===== PROVIDED DATA

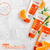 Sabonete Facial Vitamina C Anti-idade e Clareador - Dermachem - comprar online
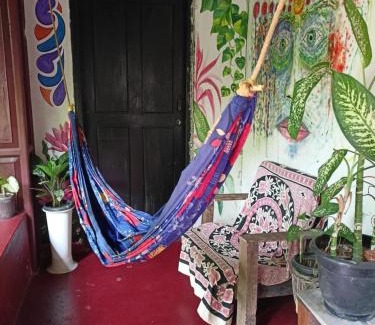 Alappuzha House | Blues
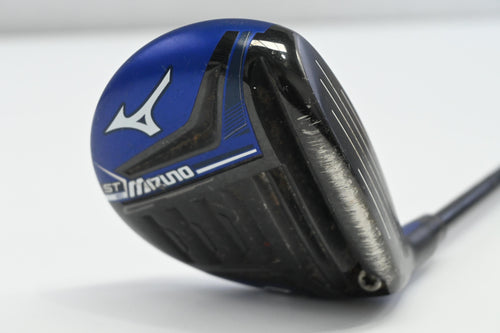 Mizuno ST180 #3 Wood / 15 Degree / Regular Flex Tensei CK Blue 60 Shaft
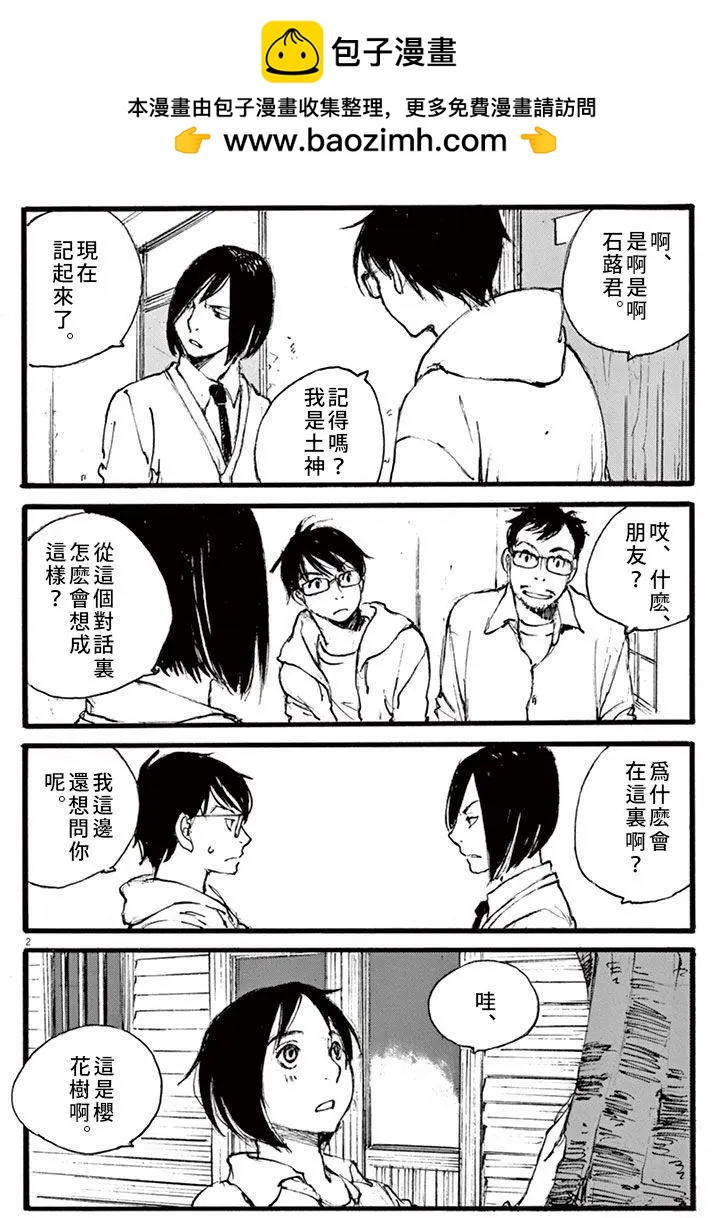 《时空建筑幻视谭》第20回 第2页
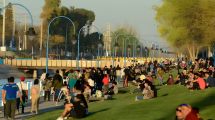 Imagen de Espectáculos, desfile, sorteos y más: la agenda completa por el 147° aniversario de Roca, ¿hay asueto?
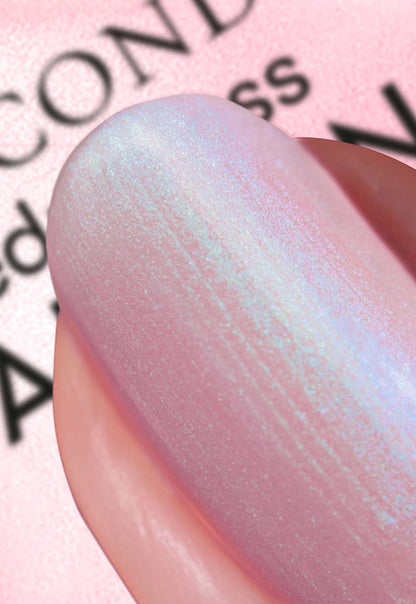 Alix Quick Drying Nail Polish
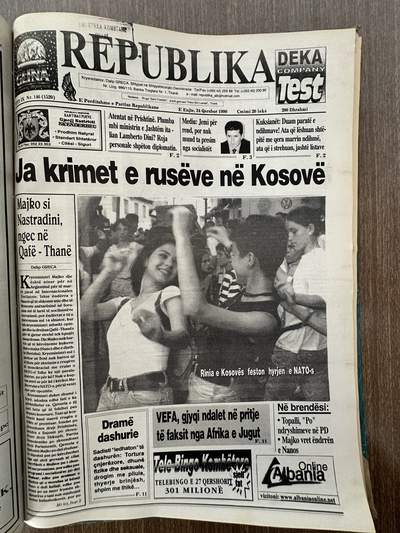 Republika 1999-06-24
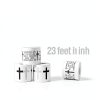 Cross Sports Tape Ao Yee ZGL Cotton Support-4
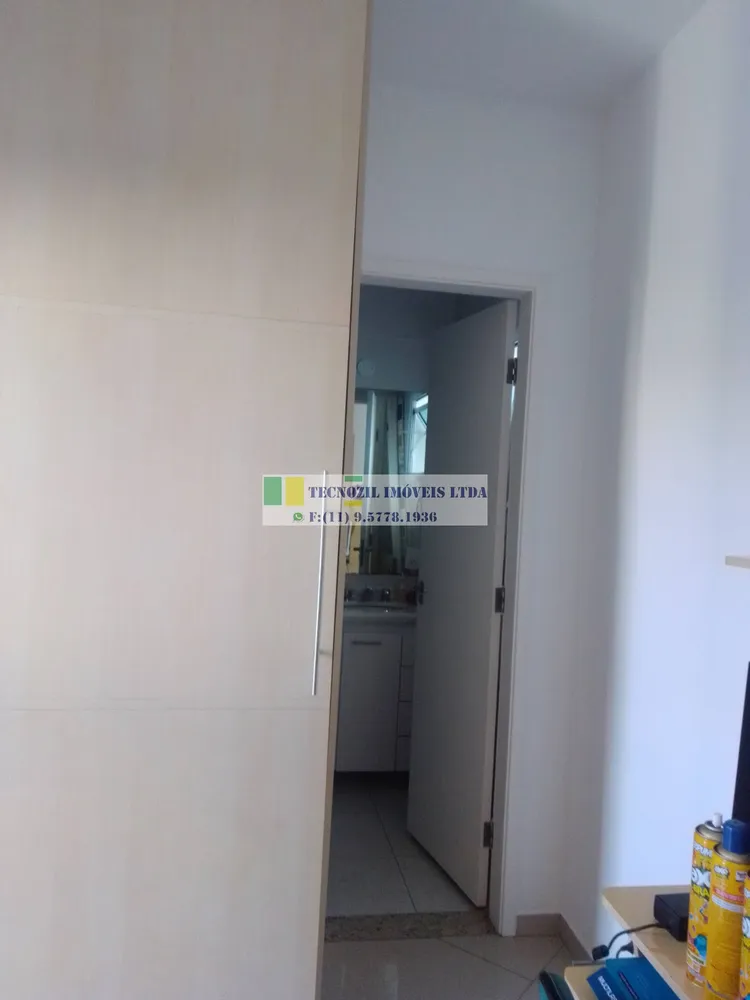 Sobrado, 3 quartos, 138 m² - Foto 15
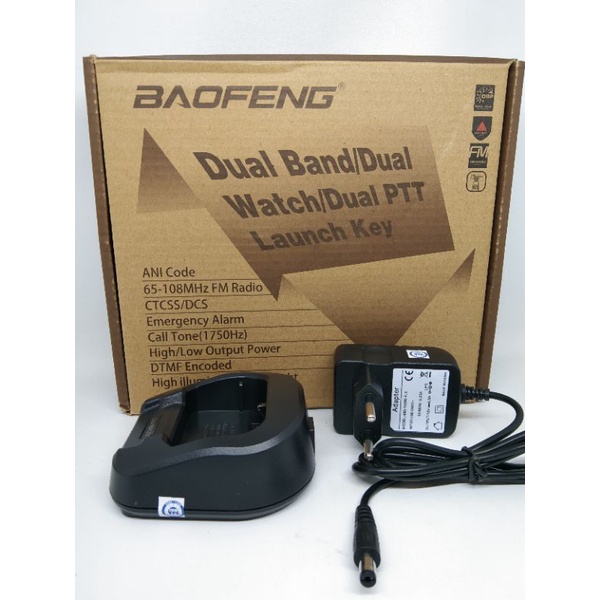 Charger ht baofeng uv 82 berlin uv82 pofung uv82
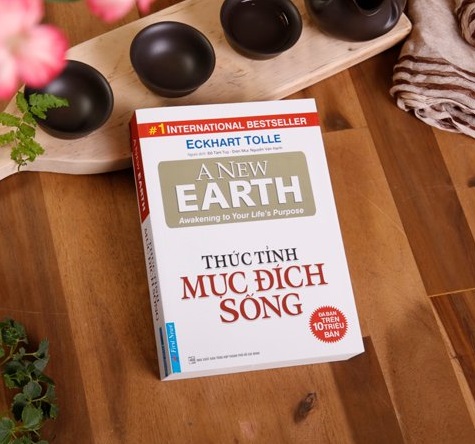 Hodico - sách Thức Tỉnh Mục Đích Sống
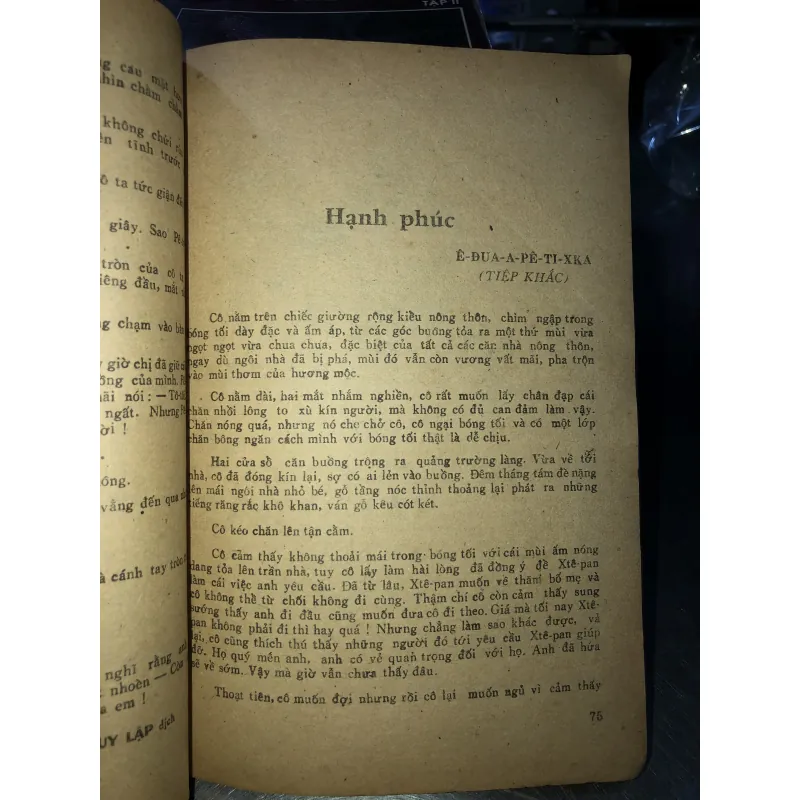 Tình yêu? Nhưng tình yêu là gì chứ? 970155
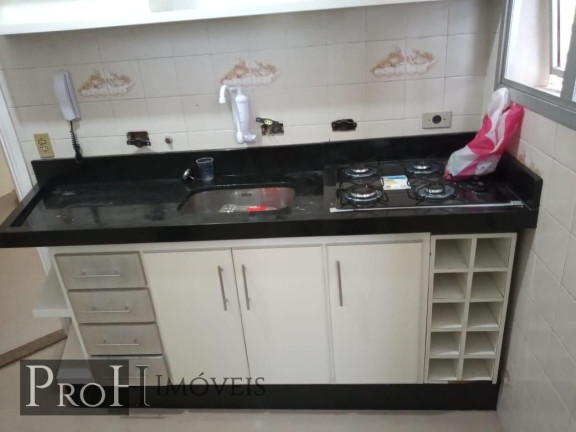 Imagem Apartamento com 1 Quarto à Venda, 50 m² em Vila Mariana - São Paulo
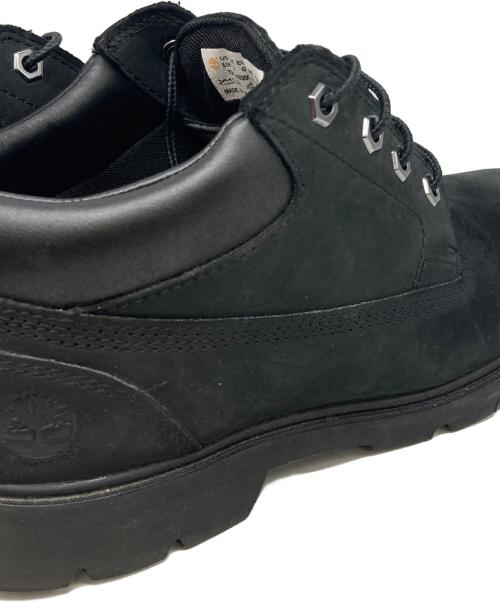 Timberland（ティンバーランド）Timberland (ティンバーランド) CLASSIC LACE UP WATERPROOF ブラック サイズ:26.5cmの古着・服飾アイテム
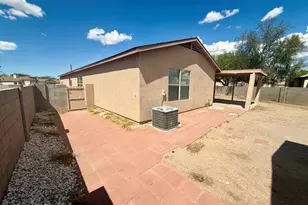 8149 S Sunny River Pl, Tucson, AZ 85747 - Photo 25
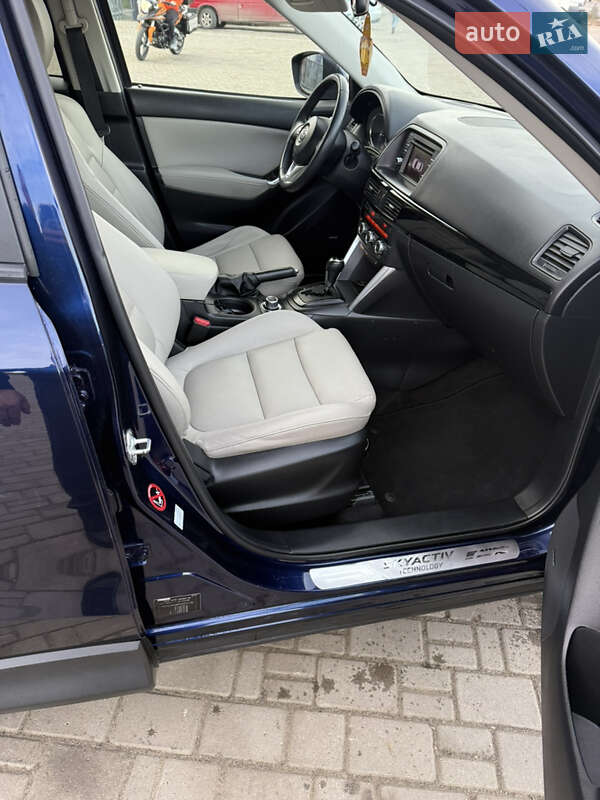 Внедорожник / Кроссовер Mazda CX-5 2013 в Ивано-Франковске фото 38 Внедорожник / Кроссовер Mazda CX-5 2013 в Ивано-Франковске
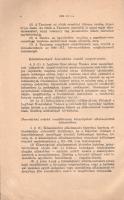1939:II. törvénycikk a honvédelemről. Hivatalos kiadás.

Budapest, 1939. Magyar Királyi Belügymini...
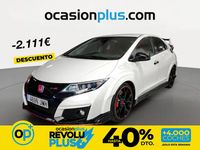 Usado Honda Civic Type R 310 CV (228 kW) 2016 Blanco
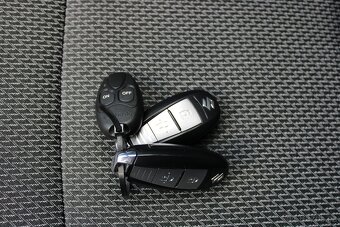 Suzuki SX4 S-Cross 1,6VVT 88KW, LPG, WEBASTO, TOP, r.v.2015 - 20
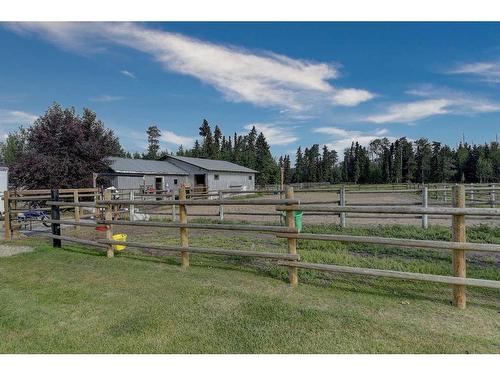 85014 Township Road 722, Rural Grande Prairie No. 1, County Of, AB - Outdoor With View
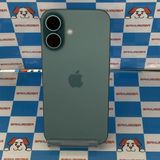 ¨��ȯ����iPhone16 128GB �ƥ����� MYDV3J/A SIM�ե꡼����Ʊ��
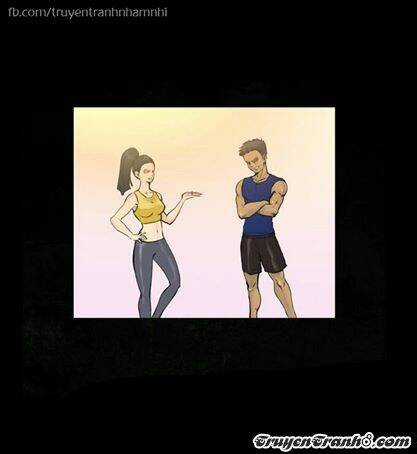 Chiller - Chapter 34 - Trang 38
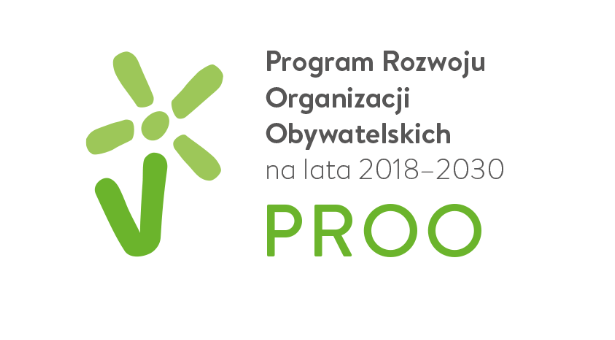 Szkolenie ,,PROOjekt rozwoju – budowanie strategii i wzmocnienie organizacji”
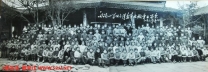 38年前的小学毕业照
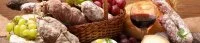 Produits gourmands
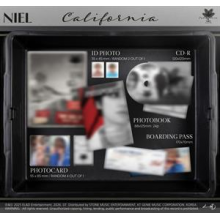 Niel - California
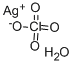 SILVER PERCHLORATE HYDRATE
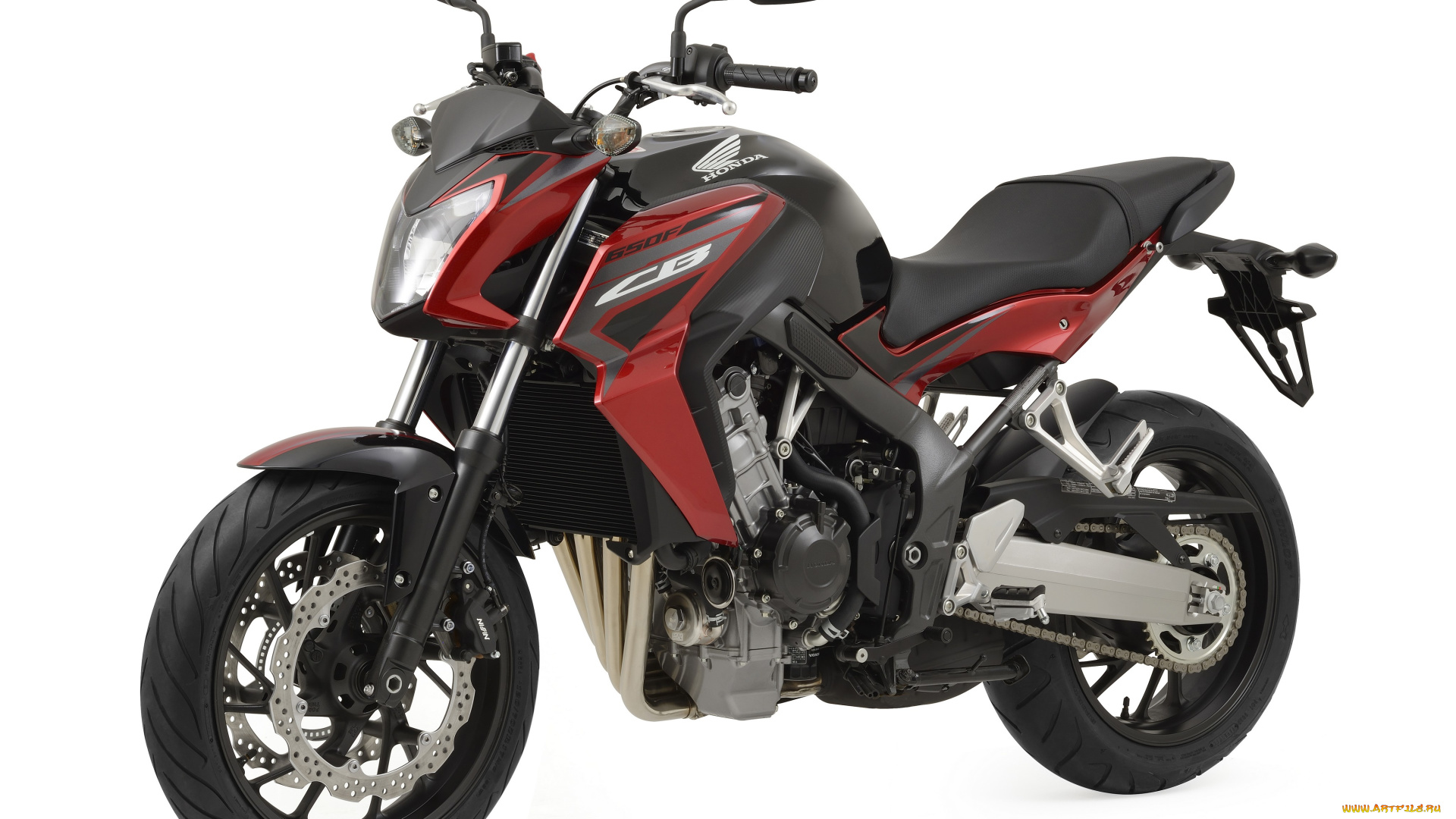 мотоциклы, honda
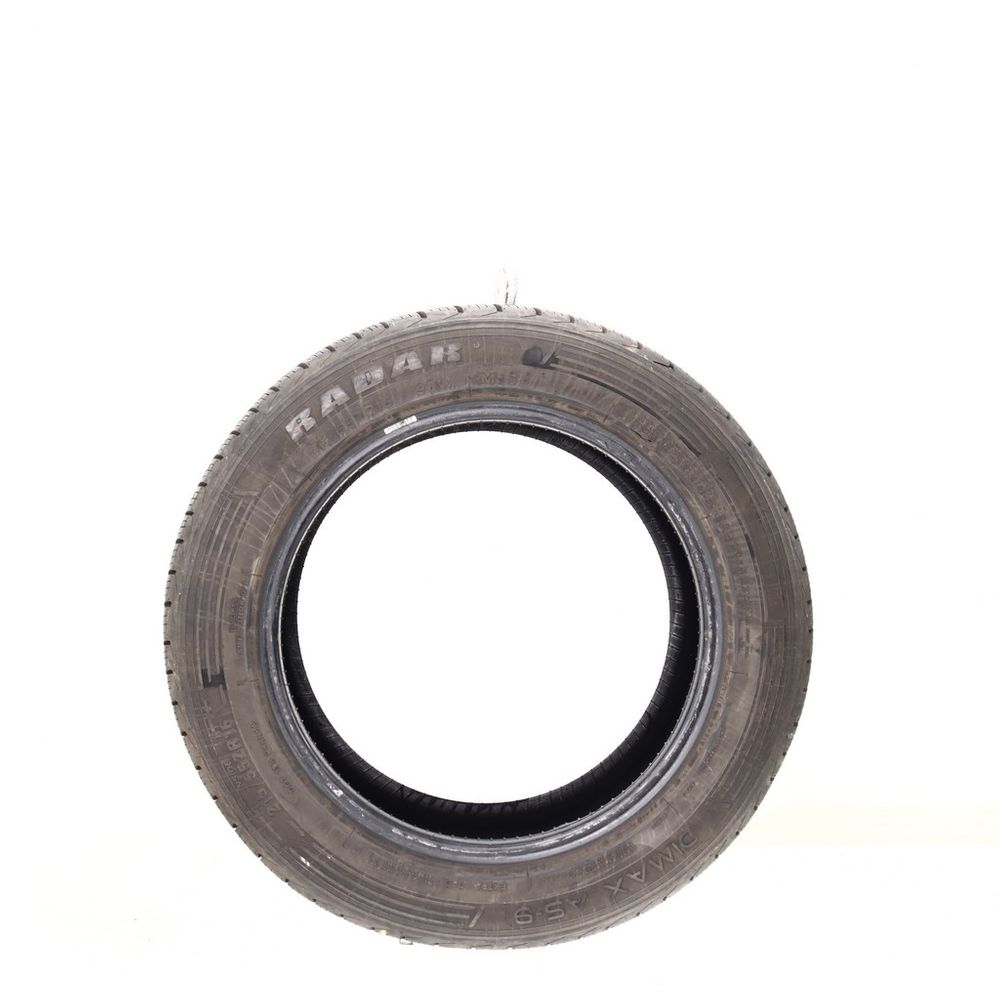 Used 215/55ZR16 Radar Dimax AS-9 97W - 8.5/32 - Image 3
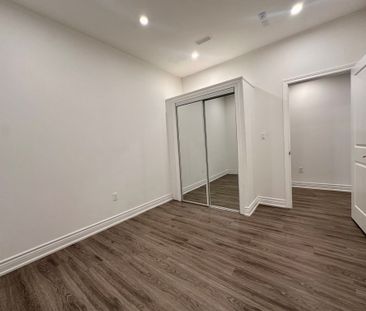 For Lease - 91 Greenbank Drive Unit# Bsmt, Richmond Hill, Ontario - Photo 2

==========

DIRECTIONS FOR THIS TASK >> Your answer must be the lines from the one containing "Budapest, 1939. Magyar Királyi Belügymini..." through the final line of the entries, duplicated exactly, with both ends kept and all pictures left out.

ANSWER BOX >>
Budapest, 1939. Magyar Királyi Belügymini...
 Usado Honda Civic Type R 310 CV (228 kW) 2016 Blanco
 Suzuki SX4 S-Cross 1,6VVT 88KW, LPG, WEBASTO, TOP, r.v.2015 - 20
 85014 Township Road 722, Rural Grande Prairie No. 1, County Of, AB - Outdoor With View
 ¨��ȯ����iPhone16 128GB �ƥ����� MYDV3J/A SIM�ե꡼����Ʊ��
 Chiller - Chapter 34 - Trang 38
 Szkolenie ,,PROOjekt rozwoju – budowanie strategii i wzmocnienie organizacji”
 38年前的小学毕业照
 Produits gourmands
 Niel - California
 SILVER PERCHLORATE HYDRATE
 мотоциклы, honda
 Used 215/55ZR16 Radar Dimax AS-9 97W - 8.5/32 - Image 3
 For Lease - 91 Greenbank Drive Unit# Bsmt, Richmond Hill, Ontario - Photo 2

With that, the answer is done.